Activity:
Using the listing below, print the line containing "vidaXL - 3-delige", the line containing "SPORTY LOGO POLO", and each line between them, exactly and nothing else. Pictures stay out of the print.

Provided data:
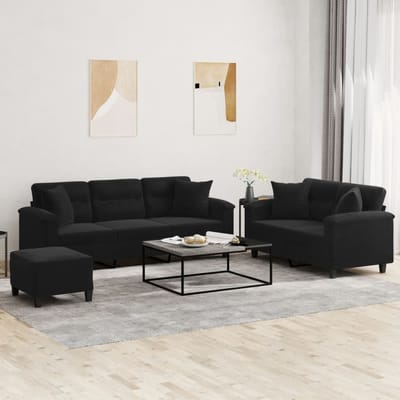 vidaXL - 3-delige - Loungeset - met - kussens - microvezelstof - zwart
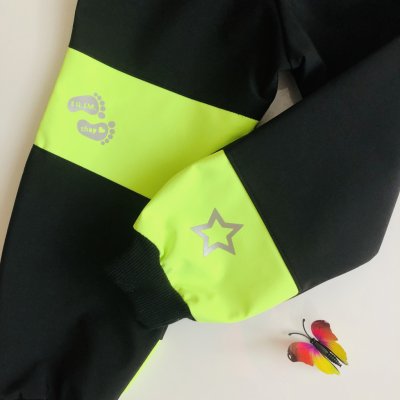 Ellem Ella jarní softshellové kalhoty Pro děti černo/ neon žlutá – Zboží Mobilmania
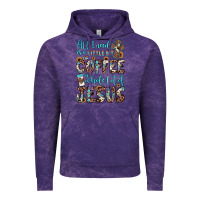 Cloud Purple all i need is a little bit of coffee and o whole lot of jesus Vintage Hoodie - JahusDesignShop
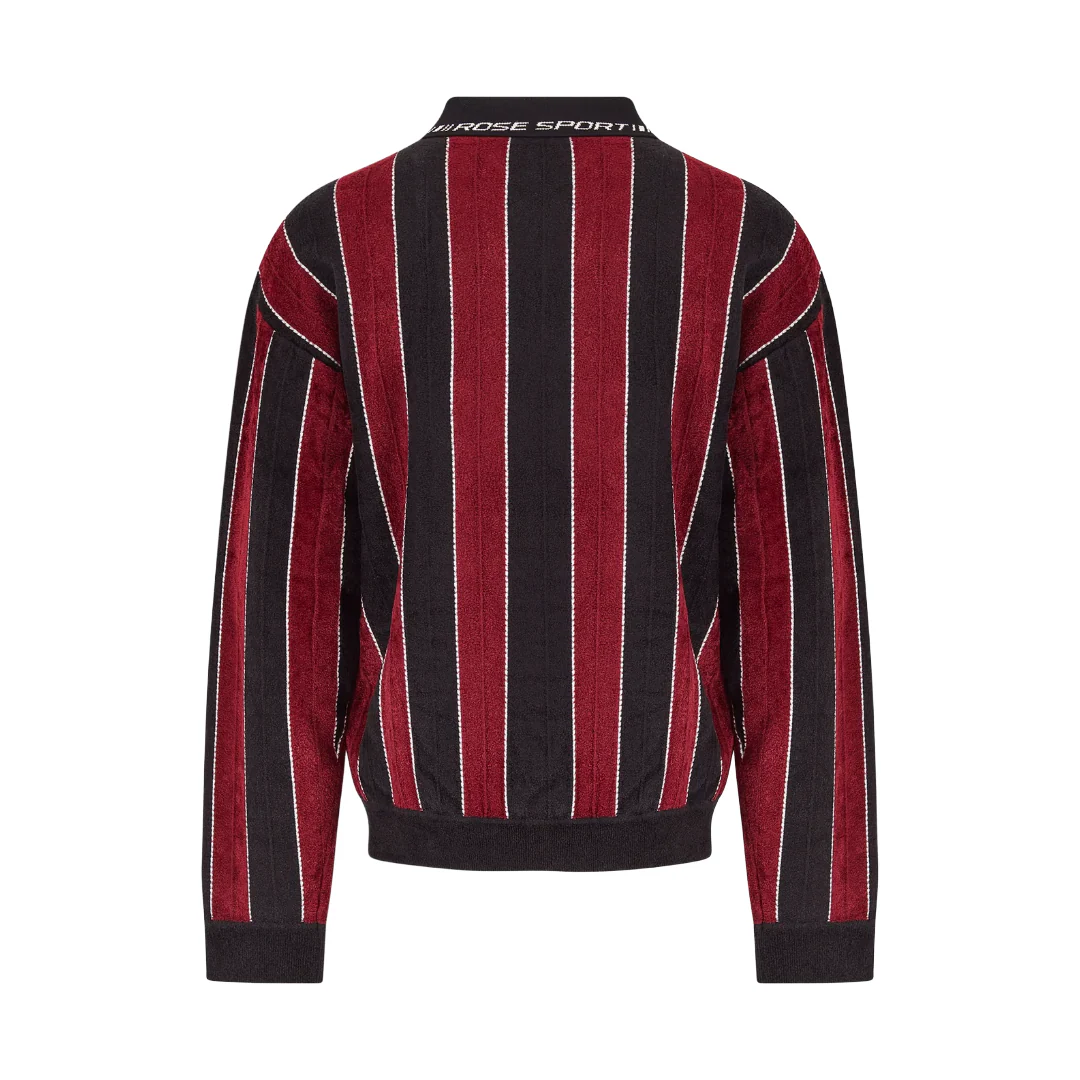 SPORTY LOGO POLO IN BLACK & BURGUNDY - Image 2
...
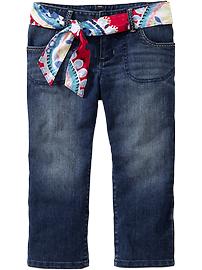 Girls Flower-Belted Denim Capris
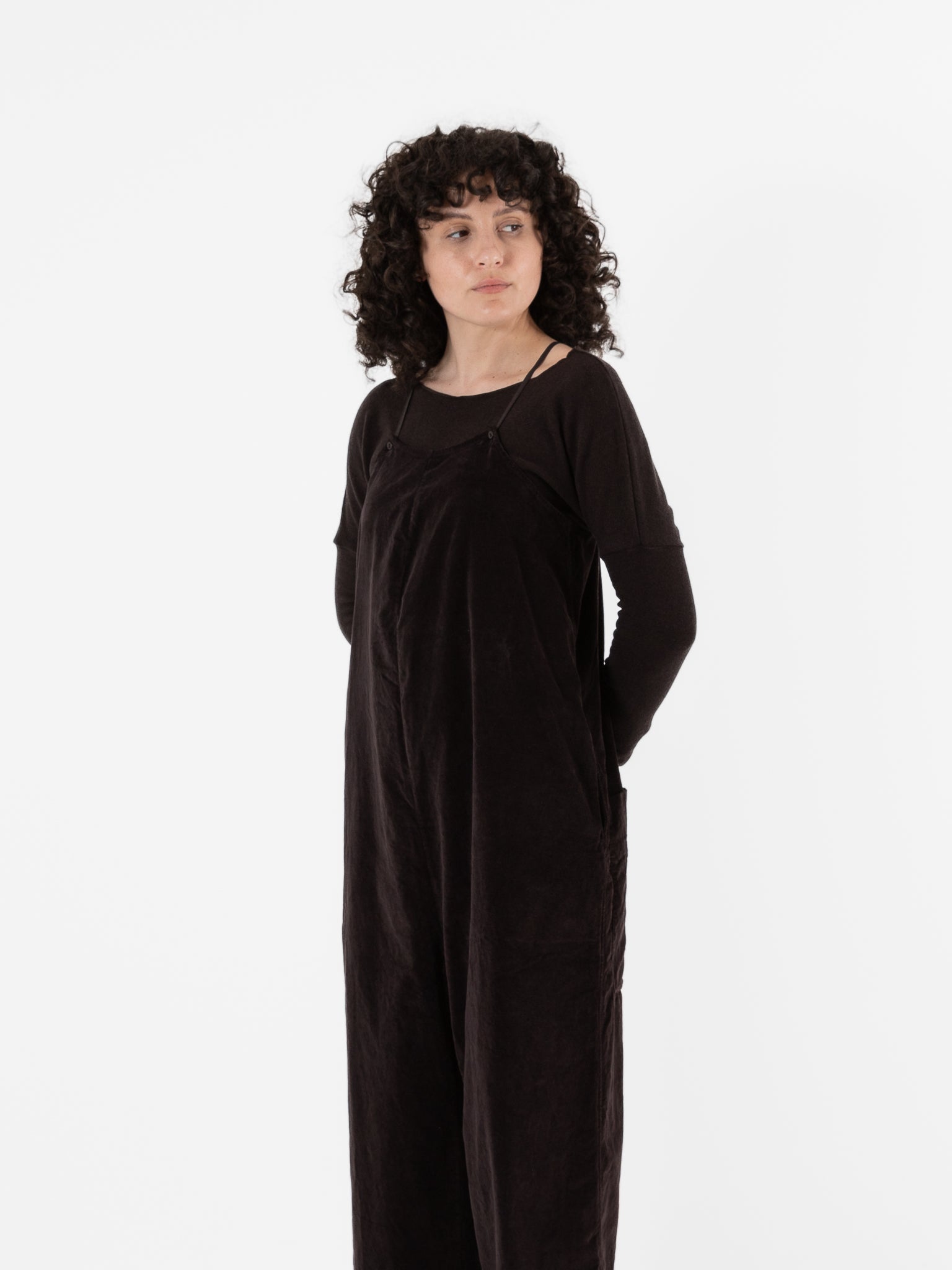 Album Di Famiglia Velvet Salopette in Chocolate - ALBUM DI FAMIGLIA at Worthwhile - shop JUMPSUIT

Written response:
 vidaXL - 3-delige - Loungeset - met - kussens - microvezelstof - zwart
 Ellem Ella jarní softshellové kalhoty Pro děti černo/ neon žlutá – Zboží Mobilmania
 Cloud Purple all i need is a little bit of coffee and o whole lot of jesus Vintage Hoodie - JahusDesignShop
 SPORTY LOGO POLO IN BLACK & BURGUNDY - Image 2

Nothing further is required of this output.